Greek collectible silver proof coin with a face value of 10 euros, for the Greek Culture - Ancient Greek Technology - The Antikythera Mechanism, maximum number of 2,000 pieces, Bank of Greece mint, issued in 2022. The photo is indicative, the coin you will receive is in the original box along with the certificate of authenticity.
Greek collectible silver proof coin with a face value of 10 euros, for the Greek Culture - Historians - Xenophon, maximum number of 1,500 pieces, Bank of Greece mint, issued in 2022. The photo is indicative, the coin you will receive is in the original box along with the certificate of authenticity. Xenophon (430-355 BC) spent his formative years in Athens during the Peloponnesian War and was a disciple of Socrates. After the defeat of Athens, he fought as a mercenary, alongside other Greeks (known as the myrioi, “the Ten Thousand”), in Cyrus the Younger’s campaign against his own brother, King Artaxerxes of Persia. Xenophon led the myrioi on their long and perilous march back to Greece and later recounted the events in his Expedition of Cyrus (Anabasis). He was banished from Athens, probably because of his Spartan sympathies. A military leader and a man of letters, Xenophon left a rich oeuvre, popular over the ages for its simple and graceful style. His main historical work, Hellenica, picks up where Thucydides broke off (411 BC) and continues up to the end of the Theban hegemony (362 BC). Albeit far from an unbiased or full account, it remains a valuable source for that period of Greek history. Xenophon also wrote seminal works, including a dialogue on household economics (Oeconomicus), treatises on public finances (Ways and means) and government (Constitution of the Spartans, Hiero), Socratic works (Apology, Memorabilia, Symposium), biographies (Agesilaos) and others.
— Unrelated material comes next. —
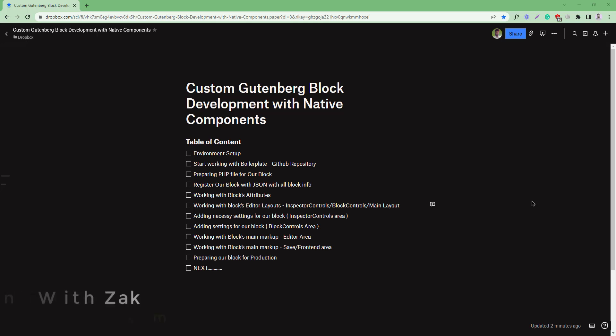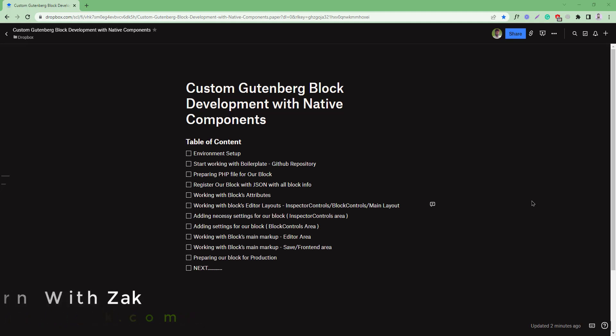Hello everyone, welcome to this new video tutorial series. In this tutorial series, I'm going to discuss custom Gutenberg block development using Gutenberg native components.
Greek collectible silver proof coin with a face value of 10 euros, for the Philhellenes - Lord Byron, maximum number of 2,000 pieces, Bank of Greece mint, issued in 2022. The photo is indicative, the coin you will receive is in the original box along with the certificate of authenticity. George Gordon Byron (London 1788-Missolonghi 1824) was an emblematic figure of European Romanticism and one of the most important poets of the 19th century. From a very young age, he embraced liberal and philhellenic ideals. His Grand Tour of the Mediterranean in 1809 brought him to Greece, to which he dedicated the second canto of his defining poetic work, Childe Harold’s Pilgrimage. The outbreak of the Greek Revolution in 1821 set fire to Byron’s romantic soul. He ultimately moved to Greece in 1823 in order to take part in the struggle and settled in Missolonghi, where he spent much of his fortune on setting up military and naval units. However, he was never to see action, as his life was cut short on 19 April 1824, following a serious illness. His untimely death was a tragic loss and was deeply mourned by the Greeks, but at the same time boosted philhellenic sentiment around the world.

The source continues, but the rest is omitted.